Does that not remind one of what we have sensed from the member from York Mills as she struggled to hold together that fragile parliamentary team of hers in this very difficult issue of Bill 127?

The commissioners continued: "It is obvious that a government in the Legislature of Ontario has the opportunity to end debate on legislation at several stages of a bill merely by moving that the motion be now put, and having it approved. This has not been the practice, and for the same reasons which have kept governments in Ottawa from invoking closure."

Again, I believe the Camp commissioners are essentially agreeing with the thrust of my argument on the debate about the government notice of motion 11. Governments, understandably, do not want to be seen to be muzzling, in whatever way, the debate of the House and any of its committees.

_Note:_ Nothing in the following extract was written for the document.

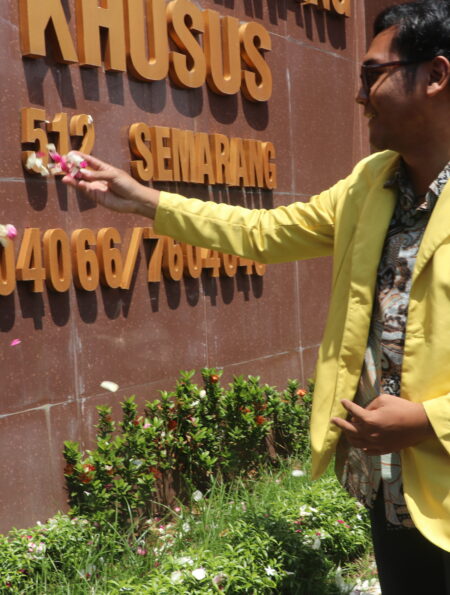 Aksi tabur bunga di depan Pengadilan Negeri Kota Semarang (Puji/ BP2M)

"Hand in hand with Britain with the mechanism of closure or the guillotine on debate, is a thorough discussion and prescheduling of the legislative intentions of the government. That is, agreement is sought from House leaders as to the amount of time each proposed measure should be given, in total and often in the respective stages. In those cases where there is disagreement on the time planned among the participants, the government representative, after discussion, gives notice of the government's intention with regard to time. In other words, notice of closure follows thorough and serious discussion with the opposition for scheduling the government's business."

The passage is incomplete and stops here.